-
Download the videos from ActEV or the dataset you wish to train on and extract all the frames into the following format:
training_frames/${videoname}/${videoname}_F_%08d.jpg
. -
Put annotations into a single folder. one npz file for one frame:
training_annotations/${videoname}_F_%08d.npz
. The filename must match the frame name. You can download my processed annotations and check the data format. Onlylabels
andboxes
are used during training:
wget https://aladdin-eax.inf.cs.cmu.edu/shares/diva_obj_detect_models/v1-training_012019_actgt_allsingle_npz.tar
- Prepare the file list for training set and validation set. We split a small subset of the ActEV training set as the validation set and the ActEV validation set will be used for testing. You can download my file lst. Training set:
wget https://aladdin-eax.inf.cs.cmu.edu/shares/diva_obj_detect_models/v1-training_minusminival_frames.lst
Validation set:
wget https://aladdin-eax.inf.cs.cmu.edu/shares/diva_obj_detect_models/v1-training_minival_frames.lst
These file lists are in absolute path. You will need to replace the path with the correct ones.

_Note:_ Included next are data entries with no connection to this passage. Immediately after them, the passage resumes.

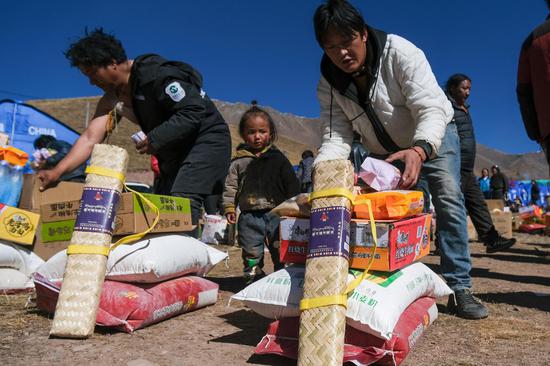 Relief supplies reach herders in earthquake-hit Xizang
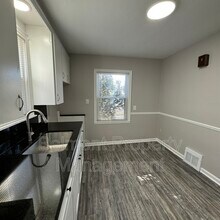 19757 Elkhart St in Harper Woods, MI - Building Photo - Building Photo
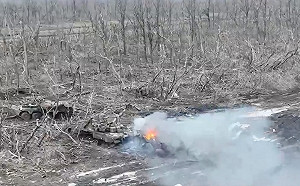 (影) 集束彈藥展神威 進犯俄軍遭團滅! 烏東抵禦俄逾百砲擊、無人機攻勢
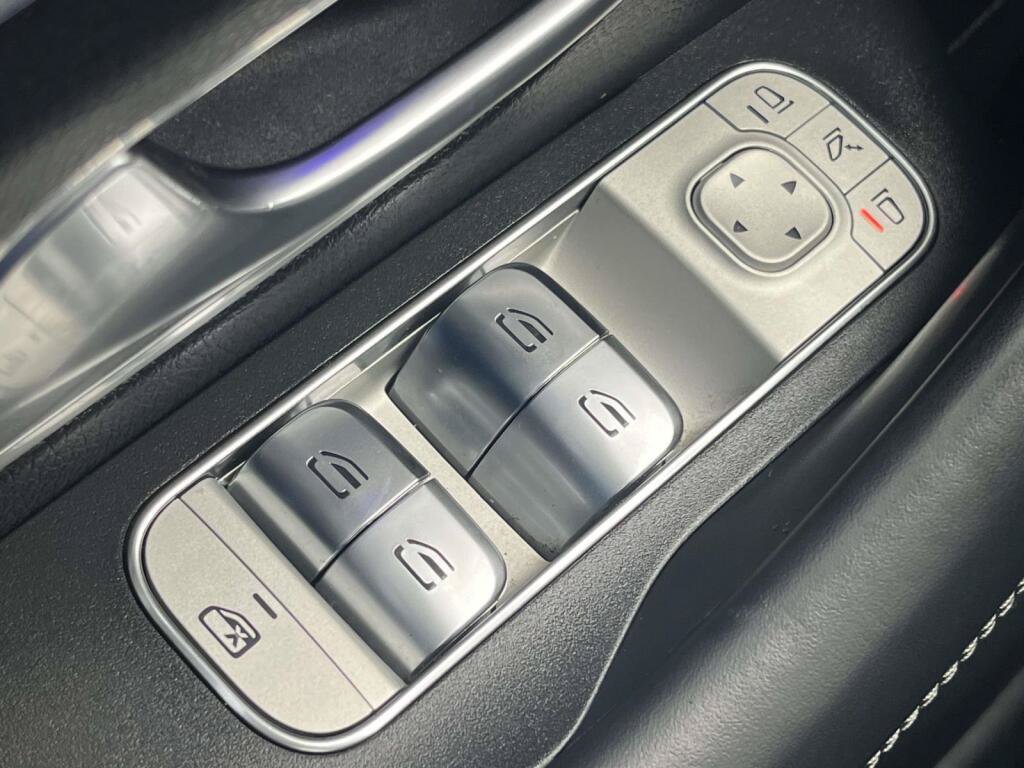 Certified 2021 Mercedes-Benz GLE 53 AMG 4MATIC image 31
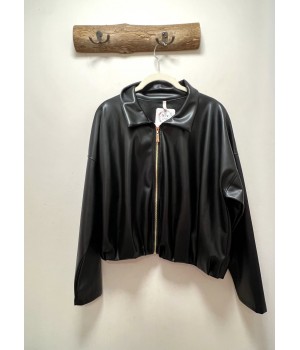 bomber ligera efecto cuero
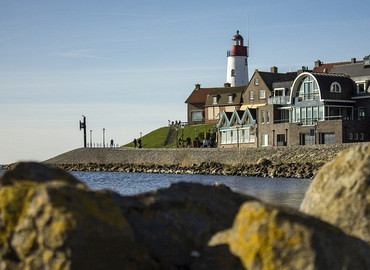 Bloementuin en kibbelingcruise Urk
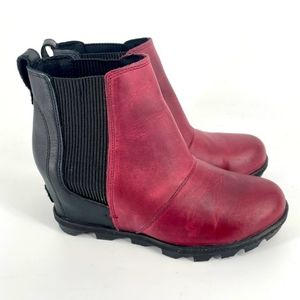 Sorel Joan Wedge II Suede Chelsea Boot Two Tone Red and Black Ankle Boots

- Download MSCOCO pretrained model from Tensorpack:
wget http://models.tensorpack.com/FasterRCNN/COCO-MaskRCNN-R101FPN1x.npz
- Train the obj_v3 model with 1 GPU:
$ python main.py nothing training_frames --mode train --annopath v1-training_012019_actgt_allsingle_npz \
--trainlst v1-training_minusminival_frames.lst --train_skip 30 --valframepath v1-training_frames --vallst \
v1-training_minival_frames.lst --valannopath v1-training_012019_actgt_allsingle_npz --outbasepath my_model \
--modelname obj_v3 --num_epochs 15 --save_period 5000 --rpn_batch_size 256 --frcnn_batch_size 512 --num_class \
15 --diva_class3 --max_size 1920 --short_edge_size 1080 --init_lr 0.006 --use_cosine_schedule --warm_up_steps \
10000 --optimizer momentum --rpn_test_post_nms_topk 1000 --freeze 0 --gpu 1 --is_fpn --im_batch_size 1 \
--flip_image --load_from COCO-MaskRCNN-R101FPN1x.npz --skip_first_eval --best_first -1 --show_loss_period 1000 \
--loss_me_step 50 --ignore_vars fastrcnn/outputs --wd 0.0001 --use_dilation --use_frcnn_class_agnostic
You can change --gpu 4
and --im_batch_size 4
(and maybe --gpuid_start
) if you have a multi-GPU machine. Note that it is a known bug in tf 1.13 that you would see all 4 gpu memory allocated even if you set gpu to 2. This is fixed in tf 1.14.0 (but still takes some GPU0's memory). But multi-GPU training with a subset of the GPUs (--gpuid_start
larger than 0) will fail since tf v1.13 according to this.
- June 2020, finetune MaskRCNN person detection on AVA-Kinetics Dataset:
$ python main.py nothing pack_ava_kinetics_keyframes --mode train --annopath ava_kinetics_person_box_anno/ --trainlst person_train.lst --valframepath pack_ava_kinetics_keyframes --vallst person_val.lst --valannopath ava_kinetics_person_box_anno/ --outbasepath maskrcnn_finetune --modelname maskrcnn_r101fpn --num_epochs 15 --save_period 5000 --rpn_batch_size 256 --frcnn_batch_size 512 --num_class 81 --is_coco_model --one_level_framepath --max_size 560 --short_edge_size 320 --init_lr 0.001 --use_cosine_schedule --warm_up_steps 10000 --optimizer momentum --rpn_test_post_nms_topk 1000 --freeze 0 --gpu 4 --is_fpn --im_batch_size 4 --flip_image --load_from COCO-MaskRCNN-R101FPN1x.npz --show_loss_period 1000 --loss_me_step 100 --wd 0.0001 --val_skip 10
-
Download the videos from ActEV or the dataset you wish to test on and extract all the frames into the following format:
validation_frames/${videoname}/${videoname}_F_%08d.jpg
. -
Put annotations into a single folder. one npz file for one frame:
testing_annotations/${videoname}_F_%08d.npz
. The filename must match the frame name. You can download my processed annotations and check the data format. Onlylabels
andboxes
are used during training:
wget https://aladdin-eax.inf.cs.cmu.edu/shares/diva_obj_detect_models/v1-validate_012019_actgt_allsingle_npz.tar
- Prepare the file list for testing. We use the official validation set as testing set. You can download my file lst:
wget https://aladdin-eax.inf.cs.cmu.edu/shares/diva_obj_detect_models/v1-validate_frames.lst
Again, you will need to replace them with the correct absolute path.
- Test the model by generating COCO-format JSON files:
$ python main.py nothing v1-validate_frames.lst --mode forward --outbasepath test_jsons --rpn_batch_size 256 \
--frcnn_batch_size 512 --num_class 15 --diva_class3 --max_size 1920 --short_edge_size 1080 \
--rpn_test_post_nms_topk 1000 --gpu 1 --is_fpn --im_batch_size 1 --load_from my_model/obj_v3/01/save-best/ \
--use_frcnn_class_agnostic --use_dilation
- Evaluate:
$ python eval.py v1-validate_frames.lst v1-validate_012019_actgt_allsingle_npz test_jsons/